Truthseeking, EA, Simulacra levels, and other stuff


I’ve been on this big kick talking about truthseeking in effective altruism. I started with vegan advocacy because it was the most legible, but now need to move on to the deeper problems. Unfortunately those problems are still not that legible, and I end up having to justify a lot of what I previously took as basic premises, and it’s all kind of stuck. I’m going to lay out a few threads in my mind, in the hopes that you will be curious about some of them and we can untangle from there.

Some threads:

  • There is a subtle distinction between “when should an individual operate on object level vs social reality?” and “when should a group of people invest together in facilitating operating in object level over social reality,?” I’m way more interested in the latter, although obviously it intersects with the former.

  • Up until now my posts have assumed that truthseeking is good without particularly justifying it.
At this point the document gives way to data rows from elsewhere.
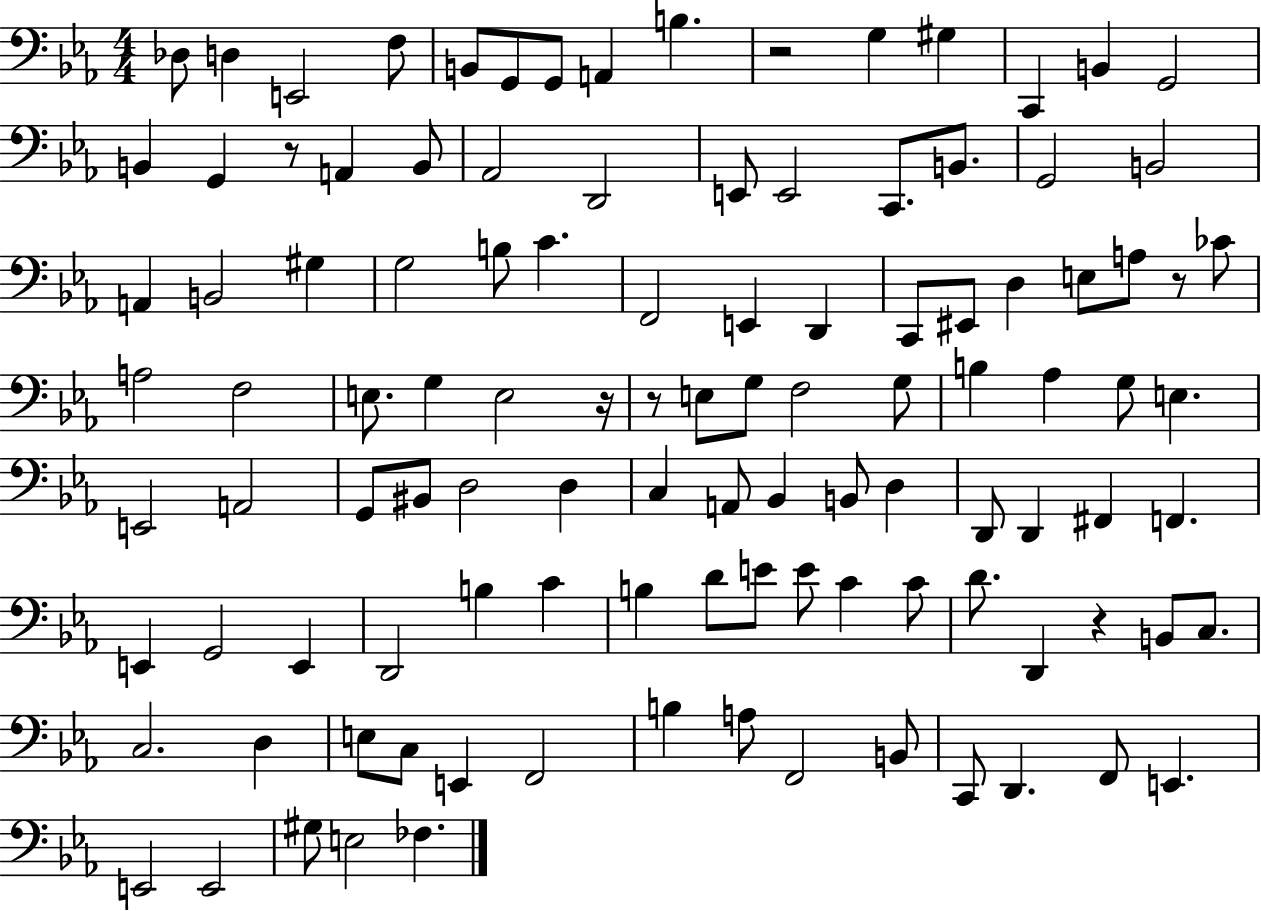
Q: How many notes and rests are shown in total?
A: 110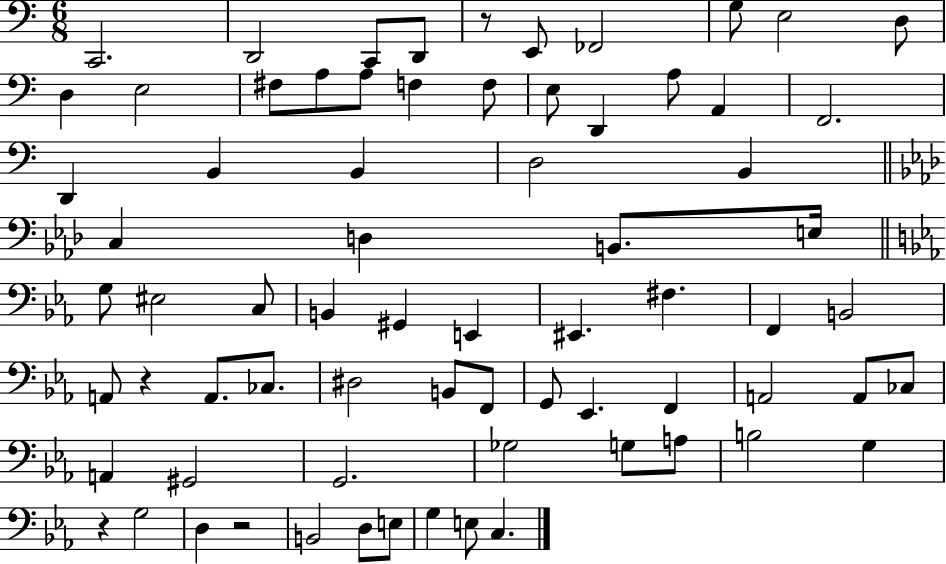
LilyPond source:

{
  \clef bass
  \numericTimeSignature
  \time 6/8
  \key c \major
  c,2. | d,2 c,8 d,8 | r8 e,8 fes,2 | g8 e2 d8 | \break d4 e2 | fis8 a8 a8 f4 f8 | e8 d,4 a8 a,4 | f,2. | \break d,4 b,4 b,4 | d2 b,4 | \bar "||" \break \key aes \major c4 d4 b,8. e16 | \bar "||" \break \key c \minor g8 eis2 c8 | b,4 gis,4 e,4 | eis,4. fis4. | f,4 b,2 | \break a,8 r4 a,8. ces8. | dis2 b,8 f,8 | g,8 ees,4. f,4 | a,2 a,8 ces8 | \break a,4 gis,2 | g,2. | ges2 g8 a8 | b2 g4 | \break r4 g2 | d4 r2 | b,2 d8 e8 | g4 e8 c4. | \break \bar "|."
}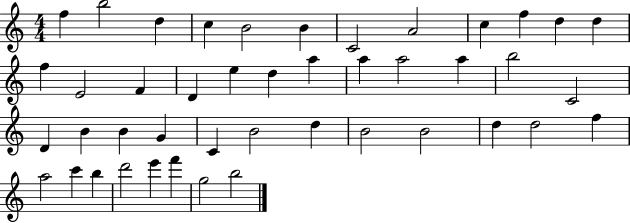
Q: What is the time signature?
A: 4/4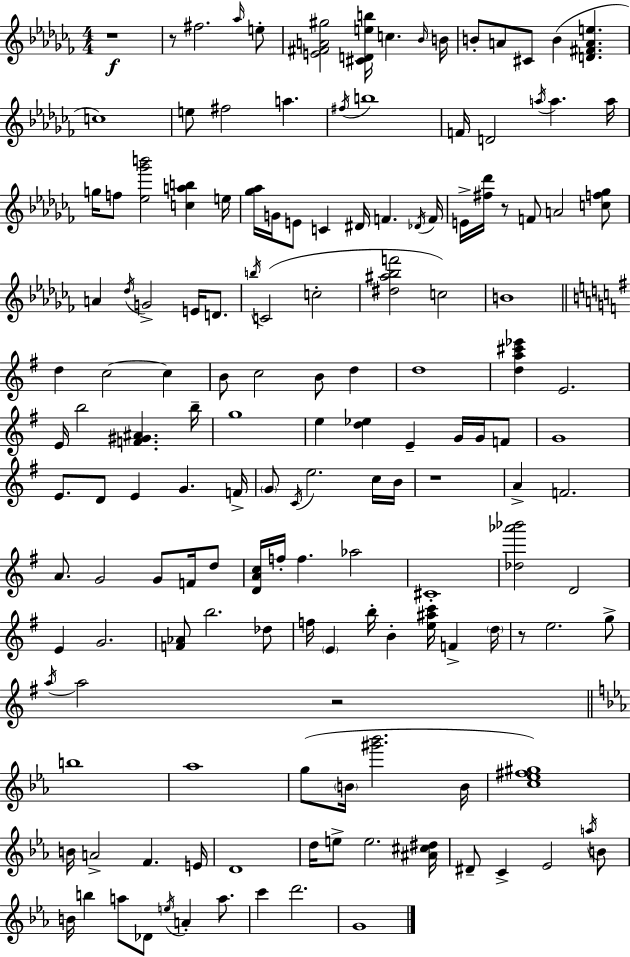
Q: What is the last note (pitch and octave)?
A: G4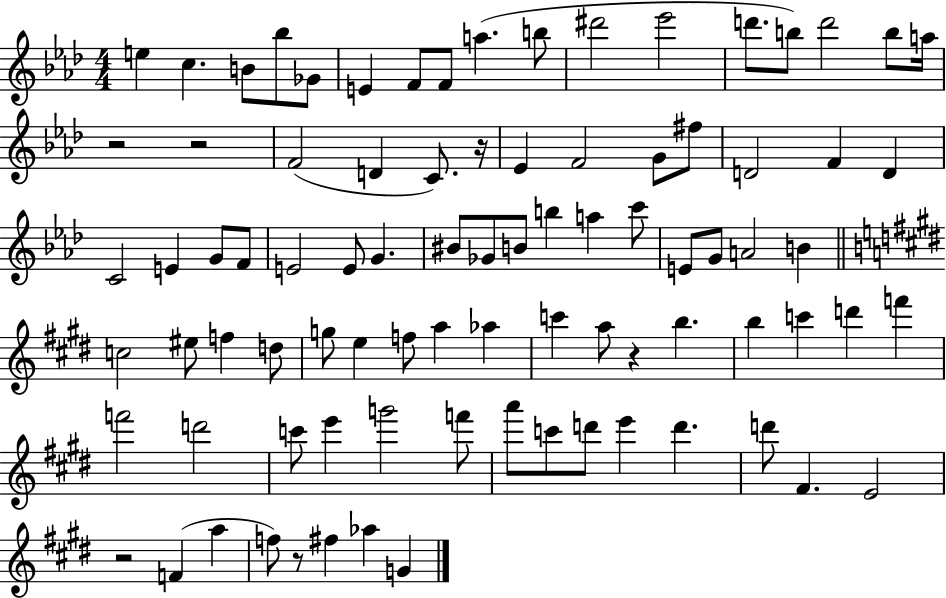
E5/q C5/q. B4/e Bb5/e Gb4/e E4/q F4/e F4/e A5/q. B5/e D#6/h Eb6/h D6/e. B5/e D6/h B5/e A5/s R/h R/h F4/h D4/q C4/e. R/s Eb4/q F4/h G4/e F#5/e D4/h F4/q D4/q C4/h E4/q G4/e F4/e E4/h E4/e G4/q. BIS4/e Gb4/e B4/e B5/q A5/q C6/e E4/e G4/e A4/h B4/q C5/h EIS5/e F5/q D5/e G5/e E5/q F5/e A5/q Ab5/q C6/q A5/e R/q B5/q. B5/q C6/q D6/q F6/q F6/h D6/h C6/e E6/q G6/h F6/e A6/e C6/e D6/e E6/q D6/q. D6/e F#4/q. E4/h R/h F4/q A5/q F5/e R/e F#5/q Ab5/q G4/q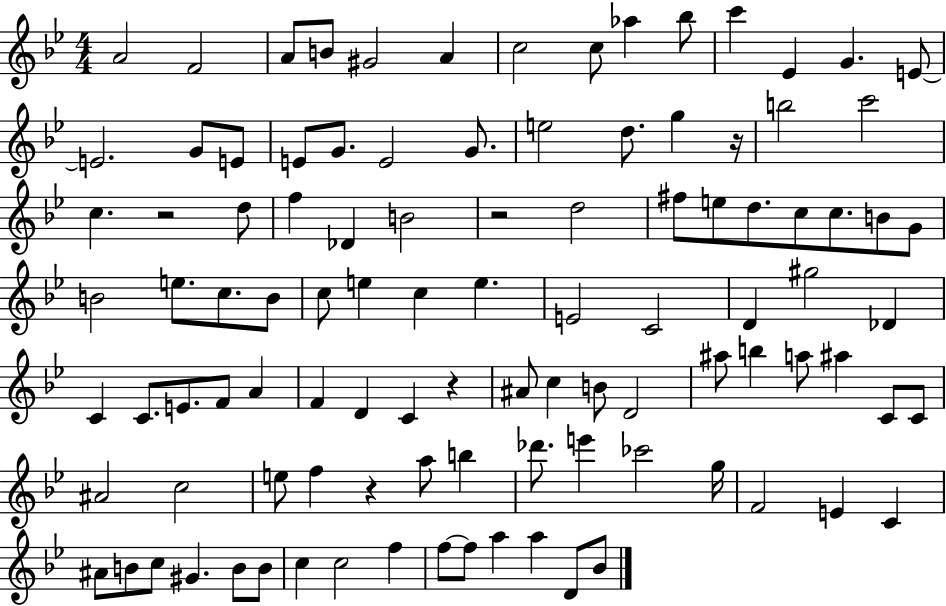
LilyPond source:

{
  \clef treble
  \numericTimeSignature
  \time 4/4
  \key bes \major
  a'2 f'2 | a'8 b'8 gis'2 a'4 | c''2 c''8 aes''4 bes''8 | c'''4 ees'4 g'4. e'8~~ | \break e'2. g'8 e'8 | e'8 g'8. e'2 g'8. | e''2 d''8. g''4 r16 | b''2 c'''2 | \break c''4. r2 d''8 | f''4 des'4 b'2 | r2 d''2 | fis''8 e''8 d''8. c''8 c''8. b'8 g'8 | \break b'2 e''8. c''8. b'8 | c''8 e''4 c''4 e''4. | e'2 c'2 | d'4 gis''2 des'4 | \break c'4 c'8. e'8. f'8 a'4 | f'4 d'4 c'4 r4 | ais'8 c''4 b'8 d'2 | ais''8 b''4 a''8 ais''4 c'8 c'8 | \break ais'2 c''2 | e''8 f''4 r4 a''8 b''4 | des'''8. e'''4 ces'''2 g''16 | f'2 e'4 c'4 | \break ais'8 b'8 c''8 gis'4. b'8 b'8 | c''4 c''2 f''4 | f''8~~ f''8 a''4 a''4 d'8 bes'8 | \bar "|."
}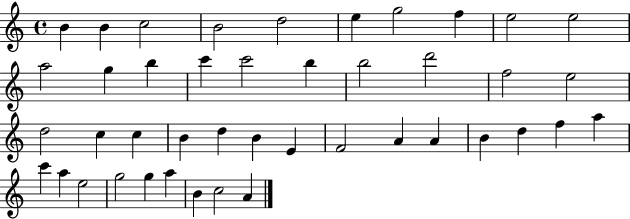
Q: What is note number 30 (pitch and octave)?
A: A4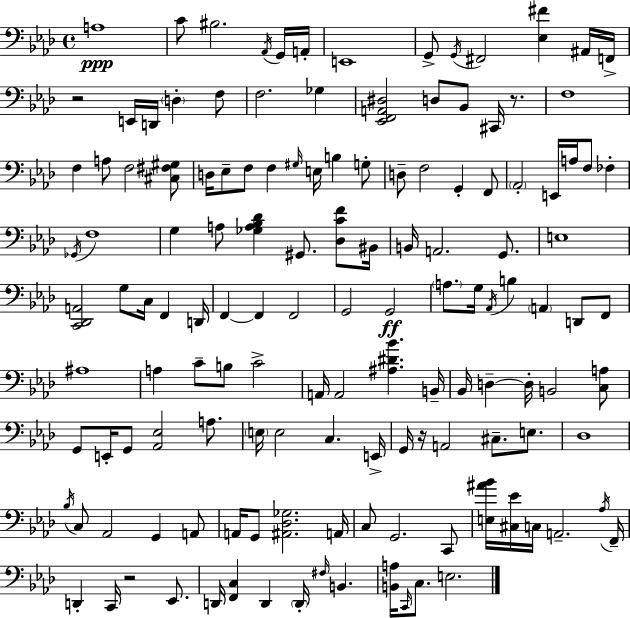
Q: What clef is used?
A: bass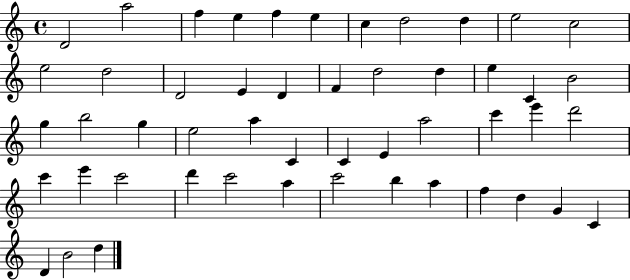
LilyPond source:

{
  \clef treble
  \time 4/4
  \defaultTimeSignature
  \key c \major
  d'2 a''2 | f''4 e''4 f''4 e''4 | c''4 d''2 d''4 | e''2 c''2 | \break e''2 d''2 | d'2 e'4 d'4 | f'4 d''2 d''4 | e''4 c'4 b'2 | \break g''4 b''2 g''4 | e''2 a''4 c'4 | c'4 e'4 a''2 | c'''4 e'''4 d'''2 | \break c'''4 e'''4 c'''2 | d'''4 c'''2 a''4 | c'''2 b''4 a''4 | f''4 d''4 g'4 c'4 | \break d'4 b'2 d''4 | \bar "|."
}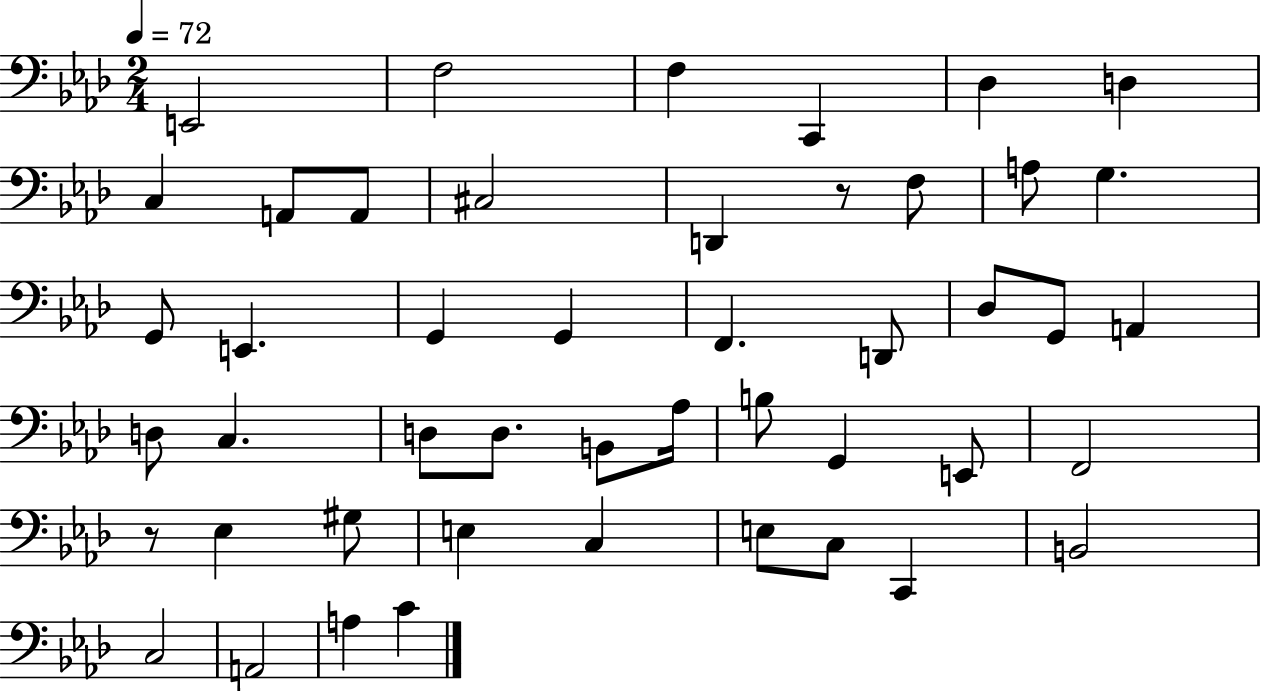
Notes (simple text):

E2/h F3/h F3/q C2/q Db3/q D3/q C3/q A2/e A2/e C#3/h D2/q R/e F3/e A3/e G3/q. G2/e E2/q. G2/q G2/q F2/q. D2/e Db3/e G2/e A2/q D3/e C3/q. D3/e D3/e. B2/e Ab3/s B3/e G2/q E2/e F2/h R/e Eb3/q G#3/e E3/q C3/q E3/e C3/e C2/q B2/h C3/h A2/h A3/q C4/q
Seems like if I’m so excited about asking inconvenient questions I should be willing to turn that on itself.

  • I think the better version of that question is “when is truthseeking the most important thing the most important thing to invest in, and when can you stop?” Because obviously truthseeking is useful and important, the interesting question is how that trades off against capacities a group could invest in, like fundraising or operational competence.

  • Part of my argument here is “do you know how to solve AI alignment? because that sounds like a knowledge problem to me, and knowledge problems are solved in object level reality not social reality”. But it’s possible to be operating entirely in object level reality but just be kind of bad at it. The word “truthseeking” maybe combines “object level reality” with “good at it” in confusing ways, and maybe I should separate those.

  • I think EA would benefit from understanding simulacra levels and aiming for level 1, but I think rationalists would benefit from more understanding of what purpose higher levels serve. I think moving down simulacra levels requires replacing the function that higher levels serve (e.g. social support) in ways that don’t require so much sacrifice of truthseeking.


I end up having to justify a lot of what I previously took as basic premises, and it’s all kind of stuck

My initial attention is mostly on this point, which is maybe also your second point (of turning truthseeking on the question of how good truthseeking is). [The main alternative to justification, to me, is something like ‘conditional posts’; a post that has “truthseeking is good” as its premise and then people can just reject that premise to reject the post.]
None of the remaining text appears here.